**Supplied information**:
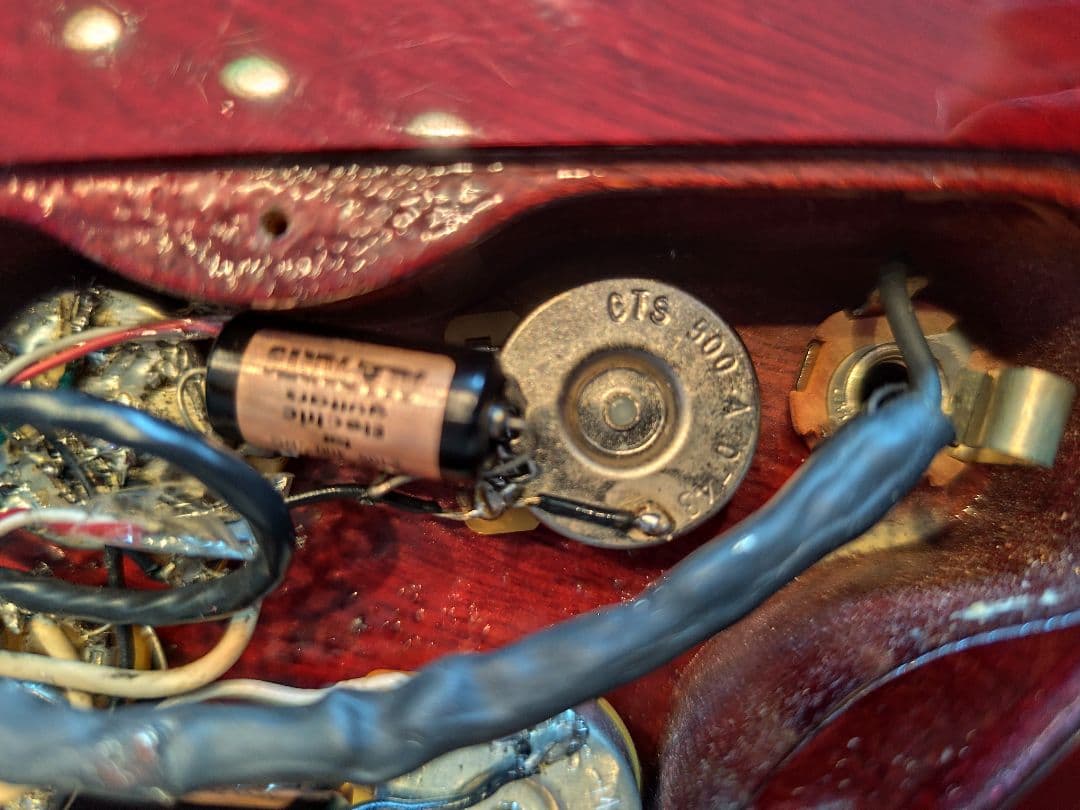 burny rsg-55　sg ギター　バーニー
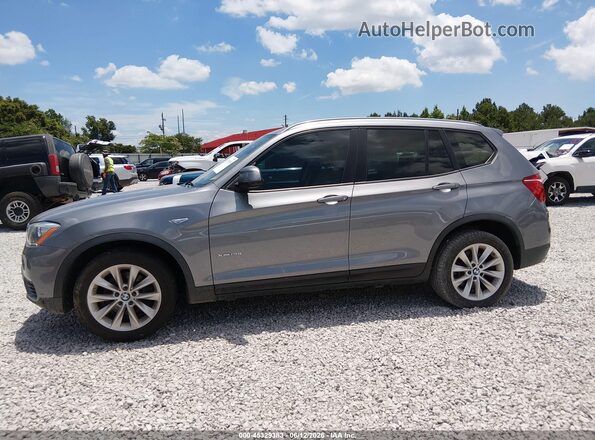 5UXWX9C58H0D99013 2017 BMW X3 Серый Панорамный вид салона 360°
* * *
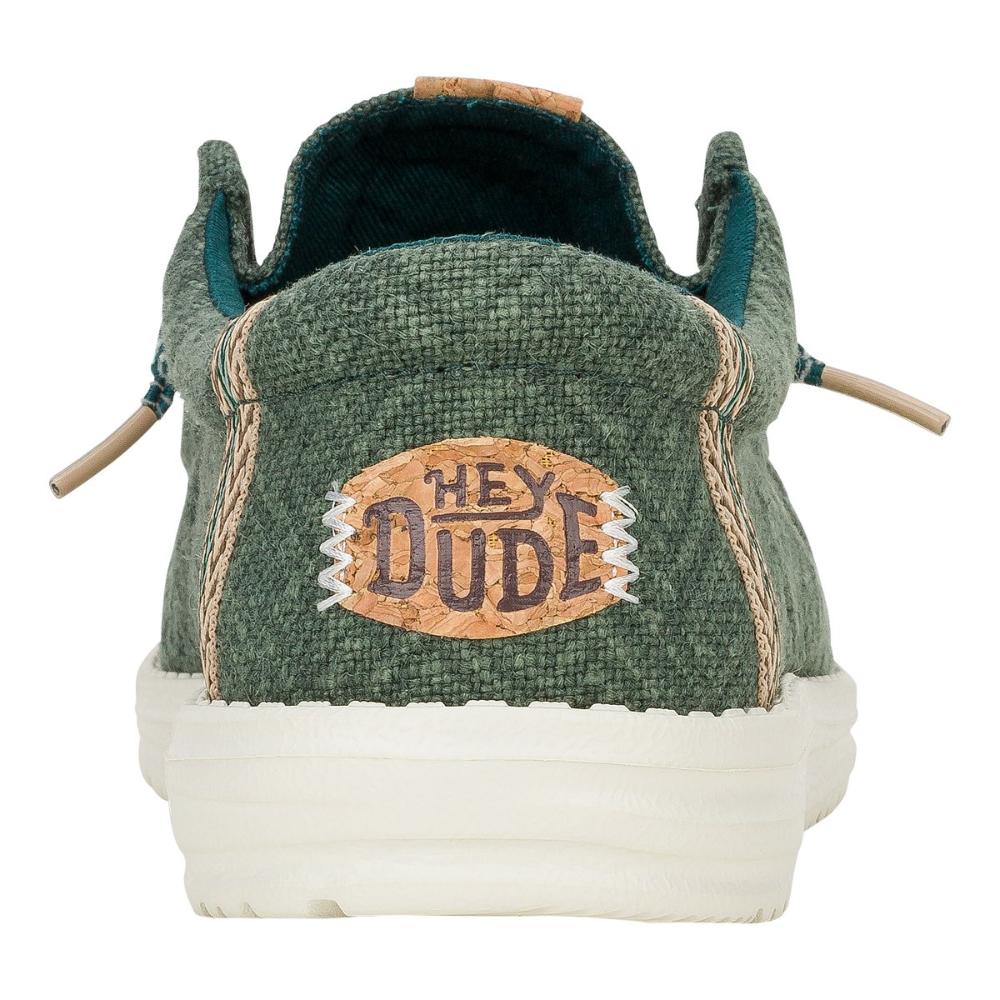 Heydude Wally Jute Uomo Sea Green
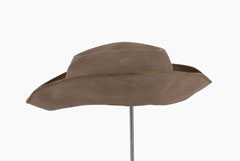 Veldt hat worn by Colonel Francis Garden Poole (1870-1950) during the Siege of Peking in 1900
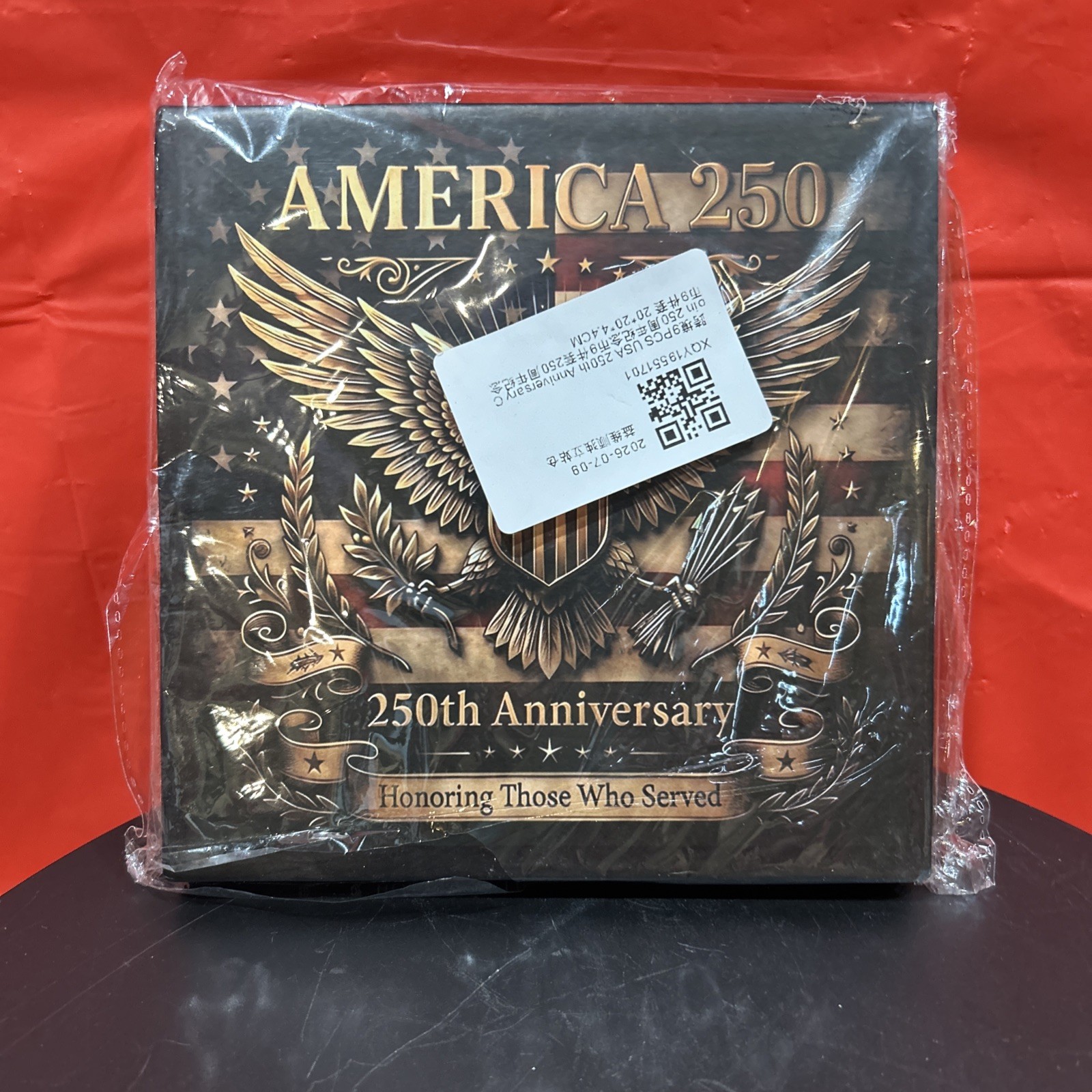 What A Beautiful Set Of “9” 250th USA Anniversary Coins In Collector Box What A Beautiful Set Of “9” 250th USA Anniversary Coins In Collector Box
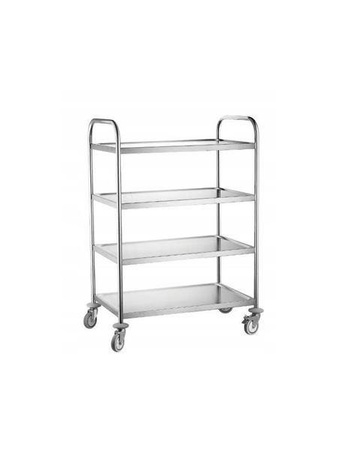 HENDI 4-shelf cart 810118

**Exercise directions**:
Excerpt from the records above: set down only the lines from the one that contains "Heydude Wally Jute Uomo Sea Green" through the one that contains "HENDI 4-shelf cart 810118", inclusive, word for word. Pictures stay out.

**The answer**:
 Heydude Wally Jute Uomo Sea Green
 Veldt hat worn by Colonel Francis Garden Poole (1870-1950) during the Siege of Peking in 1900
 What A Beautiful Set Of “9” 250th USA Anniversary Coins In Collector Box What A Beautiful Set Of “9” 250th USA Anniversary Coins In Collector Box
 HENDI 4-shelf cart 810118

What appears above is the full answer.